The NNPC had clarified that the Senate probe was not about missing money as was being insinuated in some quarters, but rather an investigation into whether NNPC acted legally in withdrawing the sum of $1.05bn from the NLNG Dividend Account to support fuel importation.

While confirming the statutory right of the legislators to carryout oversight functions, the NNPC CFO said that relevant extant laws such as the Appropriation Act 2018 defines revenue from NNPC as net of cost, indicating that NNPC has the right to defray the cost of its operations from earnings.He also cited the NLNG Act, which he explained, provided that NNPC could defray its cost from the dividends, as one of the legal grounds relied upon for the expenditure without recourse to appropriation by the National Assembly.

Abdulrazaq cited the case instituted by some state governments in 1999 seeking the interpretation of revenue on account of their contention that all accruals from oil and gas operations amount to revenue and should be swept into the Federation Account.The ruling on that case by the Supreme Court in 2002, according to him, was in tandem with NNPC’s position that revenue is accruals net of cost.

“We have provided the legal authority on which we rely to use funds from the NLNG Dividend Account to the Senate.

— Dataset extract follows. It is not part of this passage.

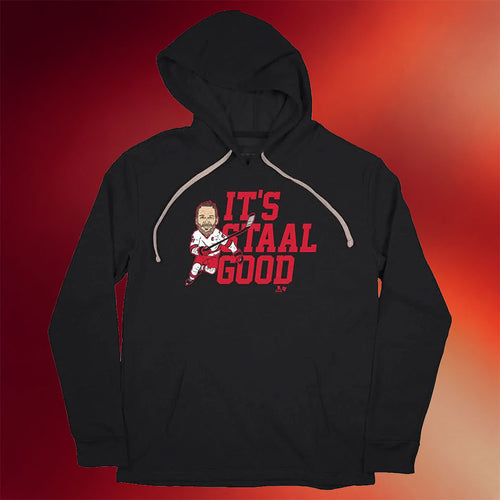 Jordan Staal Merch 2026 It's Staal Good Hoodie Carolina Hurricanes Champions Merch Black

We believe they will reason with us. But if need be, we will seek legal opinion on it”, the CFO stated. Abdulrazak disclosed that as part of the stewardship accounting designed to make NNPC’s operations transparent to the public, the inherited six-year unaudited accounts of the corporation have been audited up to date, stressing that the account for 2017 has been fully audited, approved and forwarded to relevant authorities.